Many of these problems stem from the melting pot of technologies that night desks have to use to take in and execute the flood of orders they receive from the daytime desks. This usually involves multiple OMSs, instant messaging, email and phone for managing incoming orders and even more systems for managing alerts and call levels.
With huge volumes of order information being passed between these systems there is plenty of room for error. Lost or erroneous orders, double entries and missed call levels all add up to a significant operational risk.
More often than not, the orders handed over must then be cancelled and re-entered. In many markets this means losing queue priority, a particularly irksome problem during roll-over periods. Special instructions, such as specific client recaps and release and cancel times, can be lost as orders are checked against paper tickets, emails, or manual spreadsheets. At the end of this unhappy trail, erroneous orders are finally communicated back to the trading desk and to clients with sub- optimal results.

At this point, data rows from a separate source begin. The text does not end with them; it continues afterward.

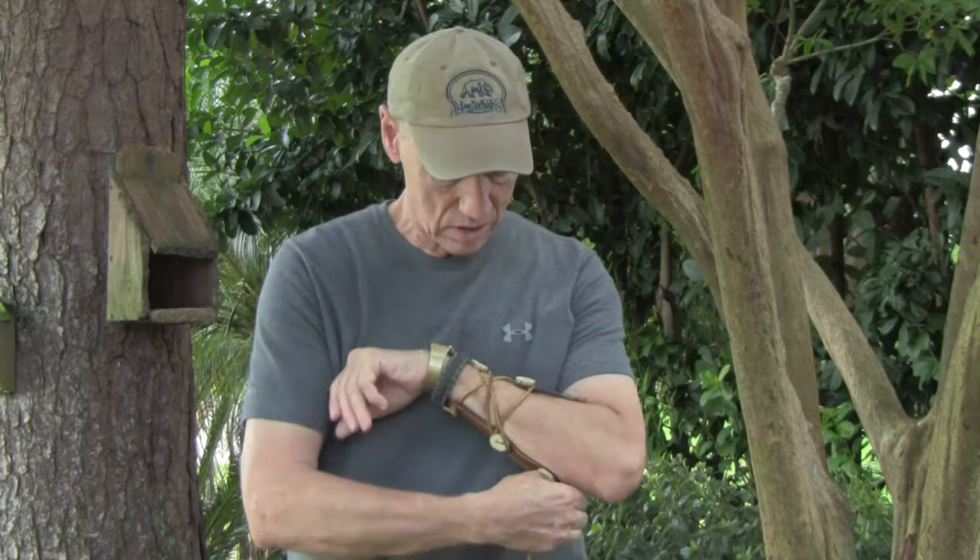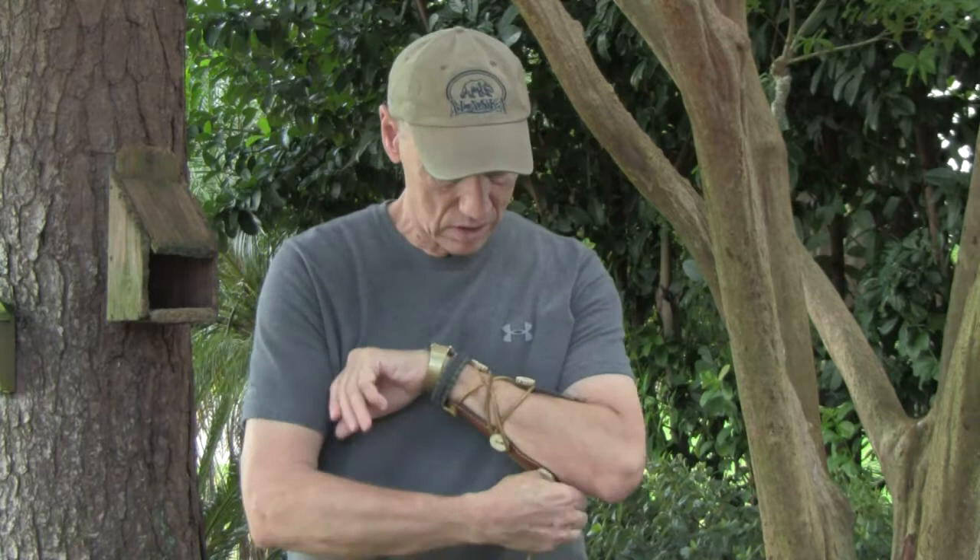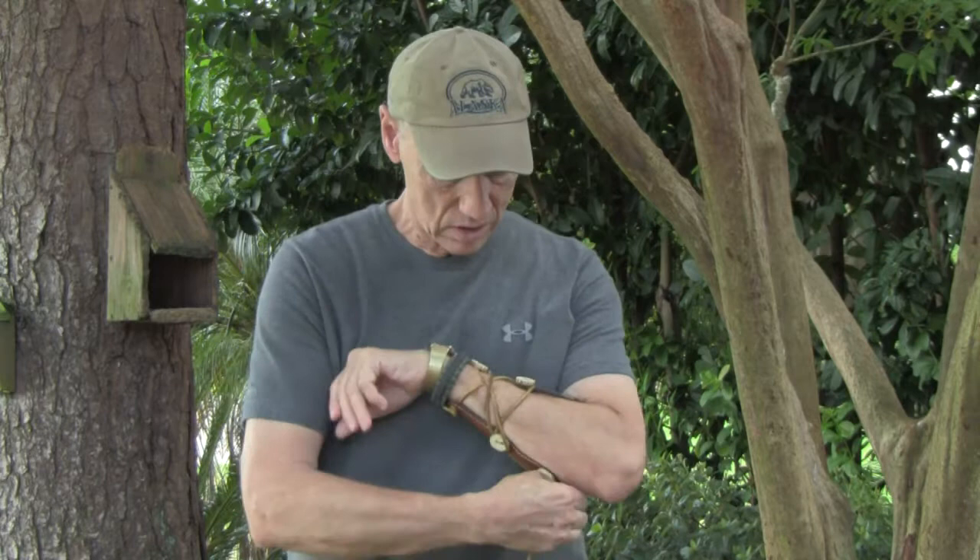It goes on the arm like this. Lace it around the buttons. Easy to do. Tuck the end under. And it's all set.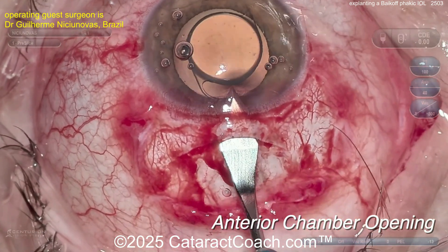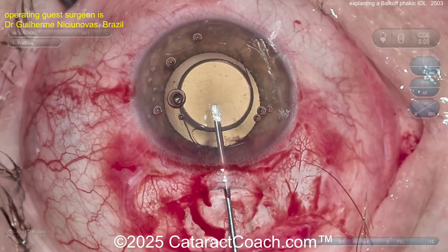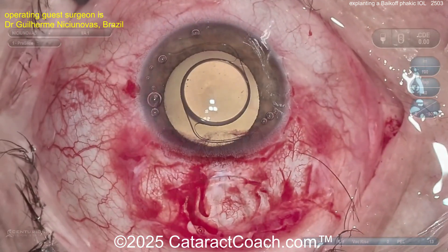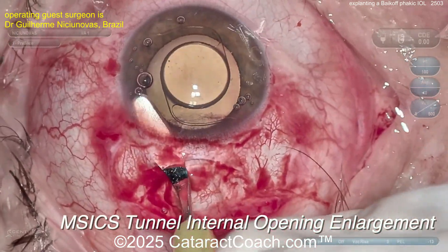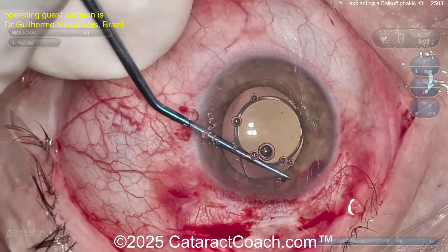Nice and easy. You can widen up the incision — look how long that tunnel length is; it's definitely going to seal very well. Viscoelastic can help you elevate that lens and get it out of the eye. Opening the M6 tunnel to its wide points, and then you can just grab this IOL with forceps and remove it.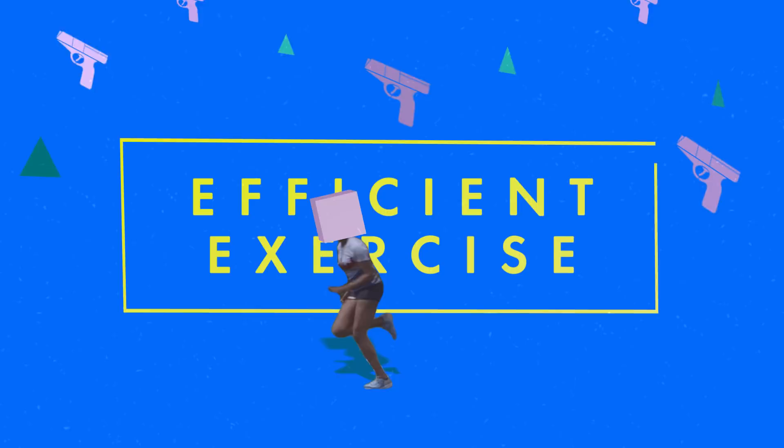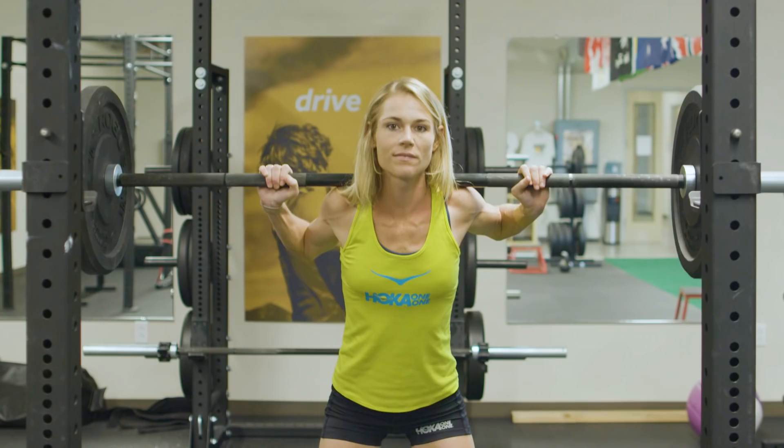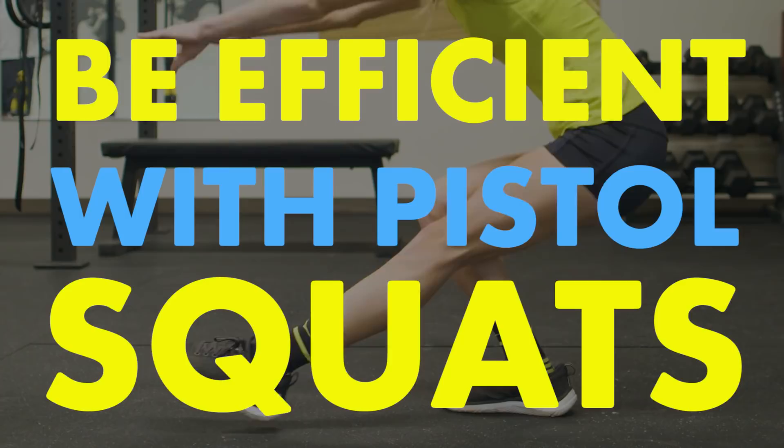Hi, I'm Kellyn Taylor. My Hoka hack is efficient exercise. When you're on the run, you don't always have time to spend an hour in the gym. For me, the hack is one exercise: the pistol squat.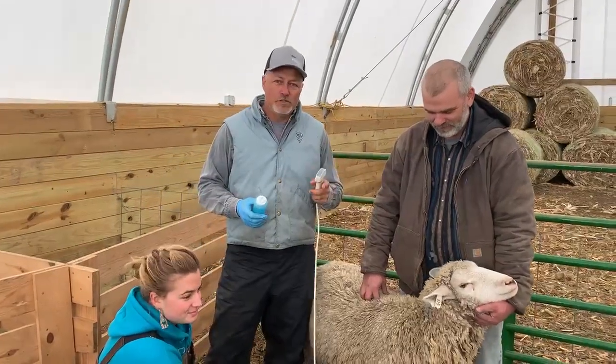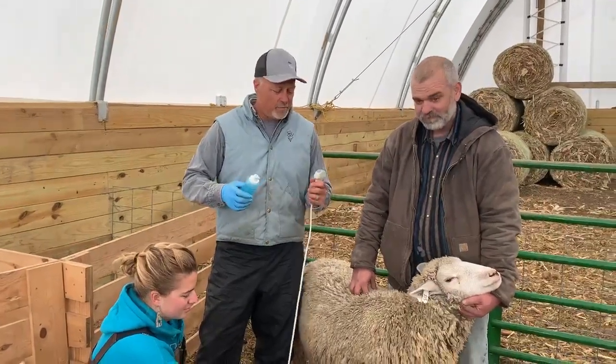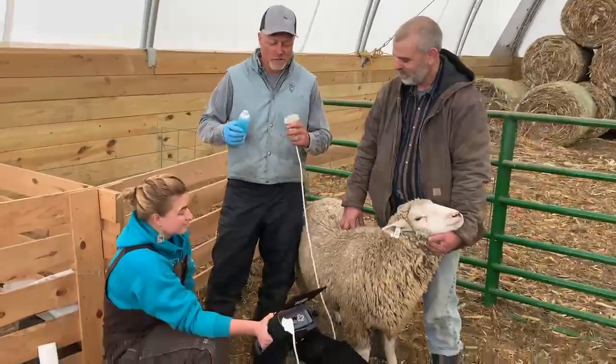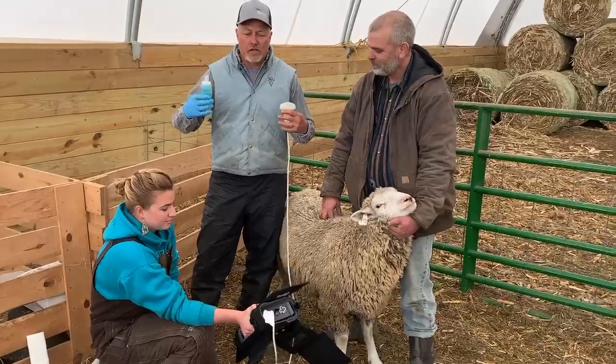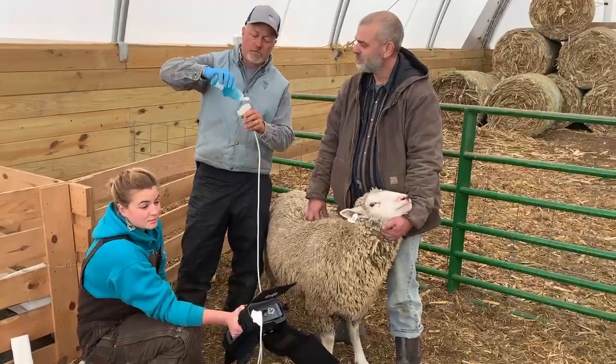We're ultrasounding some ewes this morning with Clint, and he's been kind enough to allow us to show up here. So we're just going to walk through generally how you would scan some ewes.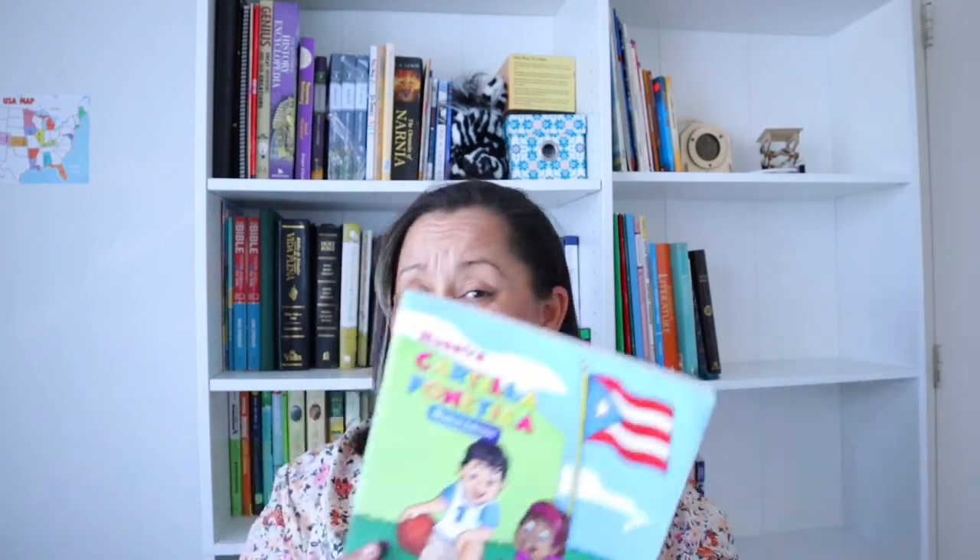The book I would like to continue using is Nuestra Cartilla Fonética. This book is working very well for us — it only cost ten dollars. I have other resources I will be sharing with you guys. I know I've been saying that quite constantly, but I'm looking for a way to share them while keeping my privacy intact. It's taking me a long time, and we were also sick for a while.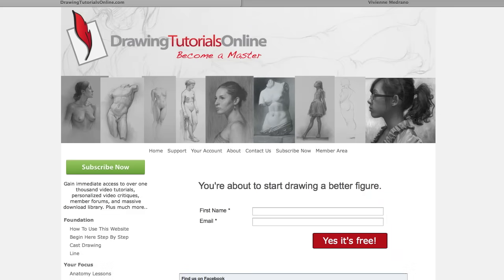Hi everyone, this is Matt from DrawingTutorialsOnline.com with Vivian's Sketchbook. Vivian was in my class just about four years ago — she was also in my pre-college animation class, which is really neat to look back on.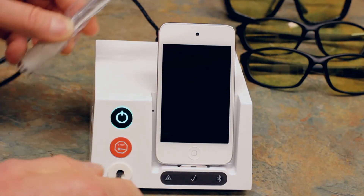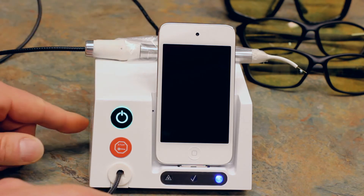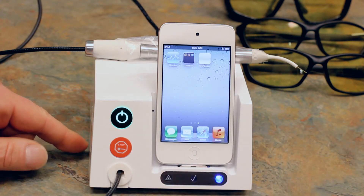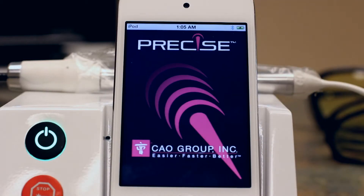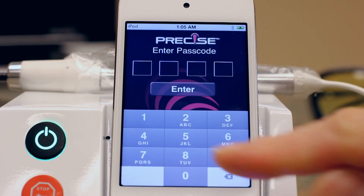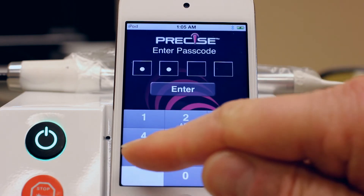Make sure that the handpiece is fully assembled with the handpiece sleeve and a disposable tip. Turn on the display and base modules, navigate to the Precise SHP app and start it. Enter your passcode and then select the operate screen.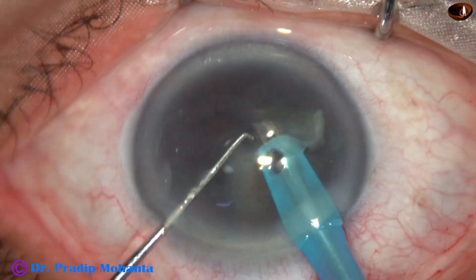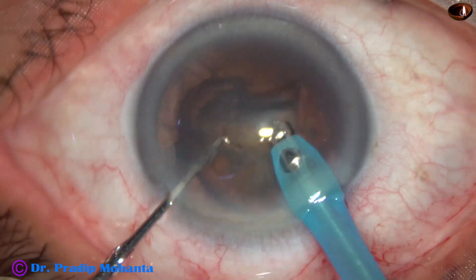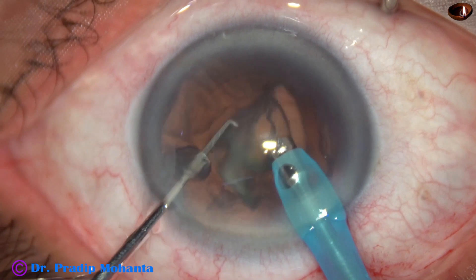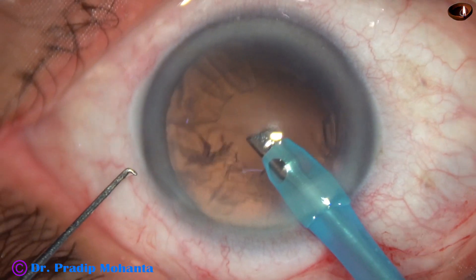This is the third fragment. And this is the last one. During emulsification of the last fragment, we can reduce the parameters for safe FACO.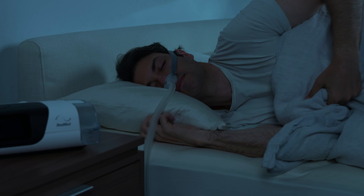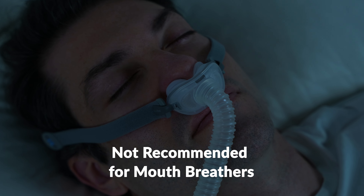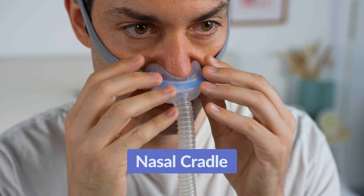Some advantages of the nasal pillow mask are that they're small, lightweight, and minimalistic. It's easy to change body positions during the night, easy to take on and off, and great for people with facial hair. It minimizes red marks on the face and skin irritation, comes in fit packs to accommodate different nostril sizes, and generally has fewer mask leaks compared to other options. However, it's not ideal for higher pressure settings, as it can make breathing out against the CPAP pressure feel more difficult and can cause more leakage. There's also a potential for sore nostrils, and it requires breathing through the nose only — it won't work if you're a mouth breather or have chronic nasal congestion.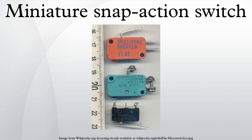A miniature snap-action switch, also trademarked and frequently known as a microswitch, is an electric switch that is actuated by very little physical force through the use of a tipping point mechanism, sometimes called an over-center mechanism. Switching happens reliably at specific and repeatable positions of the actuator, which is not necessarily true of other mechanisms.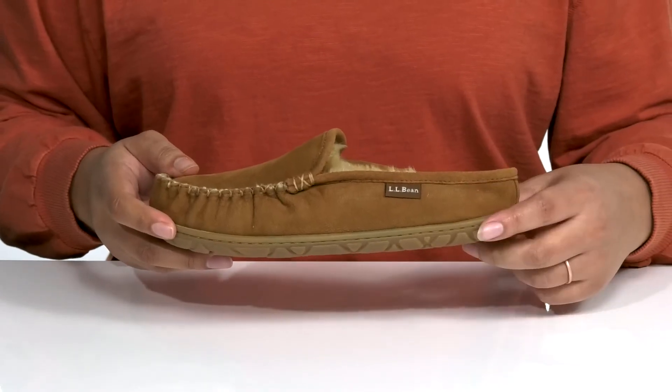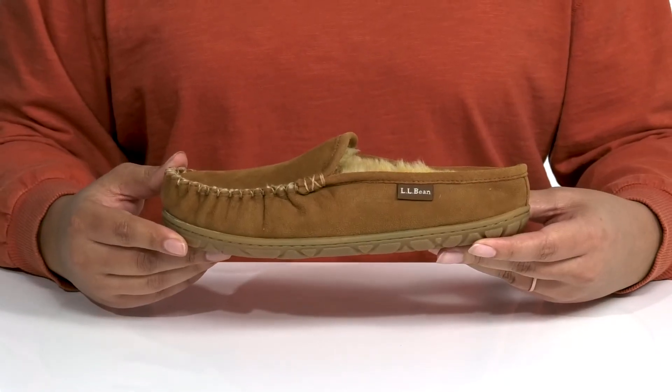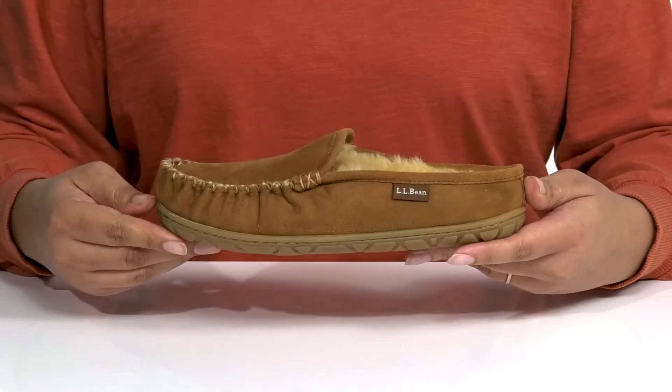The midsole adds some contrast to the shoe and you'll get lots of flexibility, making it perfect for all day wear. It's all on top of a durable rubber outsole that is textured to give you the best grip.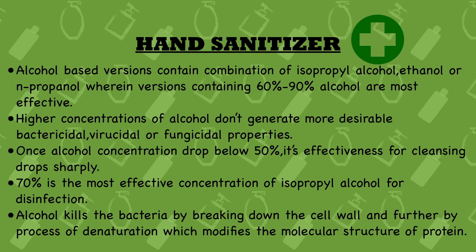Eleventh point: 70% is the most effective concentration of isopropyl alcohol for disinfection. This has also been recently recommended in the news — it was advised to use hand sanitizers with an alcohol concentration of 70%, and this point confirms that 70% isopropyl alcohol is the most effective concentration for disinfection.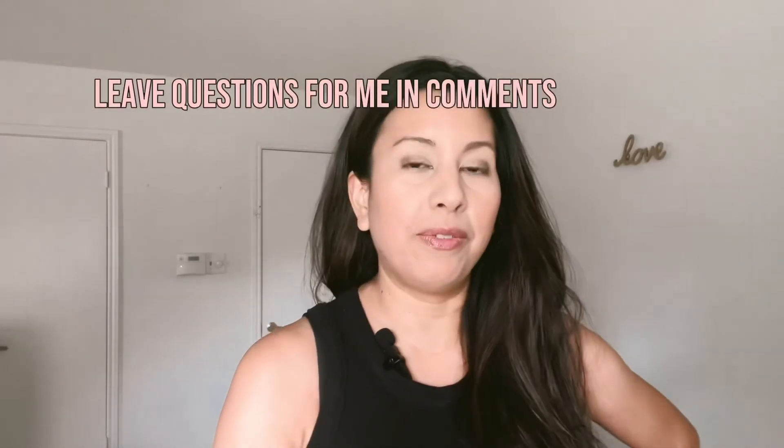I'm actually getting it in today from Amazon, so I will do an unboxing as soon as I get it. Any questions about the machines, leave them in the comments and I will respond. You can also find me on Instagram at The Story of Five.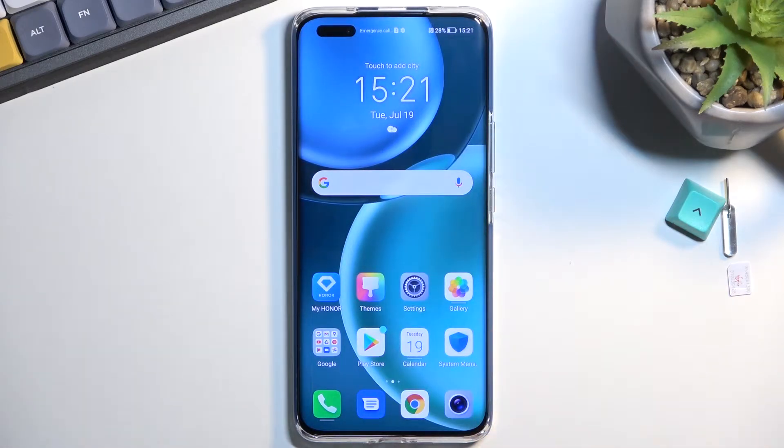Welcome! In front of me is the Honor Magic 4 Pro, and today I'll show you how you can boot this device into recovery mode.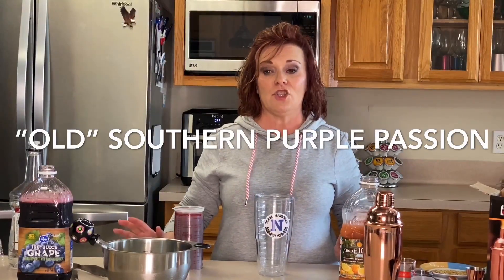Hi, it's Trina with Redneck Rhapsody and we're here with another tasty concoction for you today. I have been playing with trying to figure out one of my mother's favorite drinks. I never got it written down, I wish I had it, but I think I've just about mastered it — and who knew it was so simple. She called it Purple Passion.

Faced with these myriad problems, today’s night desks are crying out for a solution.
A single global OMS is an obvious starting point, immediately removing the need for manual handling of orders and allowing for efficient handover between users in the same office, in the same region, between regions or across multiple global hubs. Handovers can be managed and monitored at group level to ensure nothing is missed. A solution should eliminate the need to re-enter orders, ensure they maintain their queue position and provide better execution quality for proprietary and client trades. It should facilitate the handover of an order at any stage in its lifecycle, without the need for traders to specify whether or not the order is to be handed over later. The original trader should also be able to maintain visibility of the order, no matter where and when execution took place.
From a risk perspective, the advantages are significant. An efficient system will provide a full audit trail, including handover action. Real-time order visibility gives certainty to both traders and clients that trades are being handled as they were originally specified. And ensuring orders stay in the market negates the timing and execution risk involved in pulling and re-entering them.
A harmonised, global risk console and single point of order entry also provides seamless global monitoring and tight management of limits across the world. Risk parameters and limits can be centrally maintained while orders are handed across various owners in different geographies, regardless of where the order is worked or who is currently handling it.
An efficient night desk may not win new business, but the continued reluctance to invest in good technology to support it looks like an increasingly dangerous decision. Poor trading outcomes damage reputations and client relationships. Preventing costly errors before they occur creates both operational and cost efficiencies across the whole trading lifecycle. And that has to be good for traders, for trading firms and for their clients.